Risolvibile anche il singolo ordine di acquisto per inadempimento informativo dell’intermediario (Cass. civ. Sez. I n. 11029 del 27.04.2025)

Principi di diritto (Massima)
L’inadempimento degli obblighi informativi gravanti sull’intermediario finanziario può giustificare tanto la risoluzione del contratto quadro, quanto quella dei singoli ordini di acquisto, ove si riveli idoneo a determinare un’alterazione dell’equilibrio contrattuale. Gli obblighi informativi costituiscono il ponte endocontrattuale di passaggio tra la funzione di investimento, resa dal contratto quadro, e i singoli investimenti, espressi dai singoli ordini. Il giudice di merito che accerta l’inadempimento informativo può fondare su di esso, in via presuntiva, il nesso di causalità con il danno subito dall’investitore. La valutazione dei requisiti di precisione, gravità e concordanza degli indizi è riservata al giudice di merito e non è sindacabile in cassazione, nei limiti dell’art. 360, primo comma, n. 5, cod. proc. civ.

Il Fatto

Un investitore proponeva domanda di risoluzione per inadempimento del contratto di deposito titoli e negoziazione concluso con la banca, nonché dell’acquisto di quote di un fondo dalla stessa negoziate, chiedendo il risarcimento dei danni.
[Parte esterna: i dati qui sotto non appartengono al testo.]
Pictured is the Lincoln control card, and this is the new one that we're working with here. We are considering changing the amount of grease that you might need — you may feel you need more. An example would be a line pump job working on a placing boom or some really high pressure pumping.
Allegava la mancata consegna del documento sui rischi generali e del prospetto informativo, l’assenza di informazioni significative e l’inadeguatezza dell’operazione.
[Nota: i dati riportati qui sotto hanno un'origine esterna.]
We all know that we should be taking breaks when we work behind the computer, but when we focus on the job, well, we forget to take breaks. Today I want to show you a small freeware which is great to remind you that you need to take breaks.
Il giudice di prime cure respingeva entrambe le domande, ritenendo la risoluzione ammissibile solo con riferimento al contratto-quadro e comunque esclusa la gravità dell’inadempimento. La Corte di appello, in riforma, dichiarava risolto l’ordine di acquisto e condannava la società al risarcimento, liquidato nella perdita del capitale investito, detratte le cedole riscosse, oltre interessi. La società proponeva ricorso per cassazione affidato a tre motivi.

La Motivazione della Corte

Con il primo motivo la ricorrente denunciava la violazione degli artt. 1453, 1455 e 1460 cod. civ. e dell’art. 21 t.u.f., sostenendo che la domanda di risoluzione può avere ad oggetto solo l’accordo quadro. Il motivo è infondato. L’inadempimento degli obblighi informativi può giustificare la risoluzione tanto del contratto quadro quanto dei singoli ordini, se idoneo a determinare un’alterazione dell’equilibrio contrattuale. La Corte richiama, sul punto, Cass. n. 24648 del 2023, Cass. n. 8997 del 2021 e Cass. n. 16861 del 2017.

Il secondo motivo deduceva la violazione dell’art. 29 del Reg. Consob n. 11522/1998, per aver la Corte territoriale ritenuto non assolto l’onere probatorio sull’inadeguatezza dell’operazione. Il motivo è inammissibile. La Corte di appello, pur dando atto della consegna del prospetto, aveva accertato che l’intermediario non illustrò i profili di rischio, omise le informazioni conoscibili e non indicò le specifiche ragioni dell’inadeguatezza, giudicando insufficiente il mero richiamo al titolo a rischio e al conflitto di interessi. La doglianza, contestando l’accertamento di merito, si risolve in una critica alla valutazione delle risultanze probatorie, non sindacabile ai sensi del paradigma della violazione di legge (Cass. Sez. Un. n. 34476 del 2019).

Il terzo motivo lamentava la violazione degli artt. 2697 e 2729 cod. civ. e dell’art. 23 t.u.f., oltre alla motivazione apparente, in ordine al nesso di causalità. Anch’esso è inammissibile. La Corte territoriale aveva affermato che dall’inadempimento informativo consegue in via presuntiva l’accertamento del nesso causale, richiamando Cass. n. 12544 del 2017. Tale motivazione consente di individuare l’iter argomentativo e rispetta il minimo costituzionale (Cass. Sez. Un. n. 8053 del 2014; Cass. n. 13621 del 2024; Cass. n. 9807 del 2024; Cass. n. 6127 del 2024).

Quanto alla dedotta violazione di legge, la valutazione dei requisiti di precisione, gravità e concordanza, la scelta dei fatti noti e il giudizio logico di deduzione del fatto ignoto sono riservati al giudice di merito (Cass. n. 10253 del 2021; Cass. n. 1234 del 2019). Il sindacato di legittimità è circoscritto alla verifica della tenuta della motivazione. Il ricorso è pertanto rigettato, con condanna della ricorrente alle spese e all’ulteriore importo del contributo unificato.

Nota della Redazione

Ogni decisione citata è verificata sul provvedimento originale. Quando il documento può essere legittimamente ripubblicato senza esporre dati personali, mettiamo a disposizione anche il testo integrale.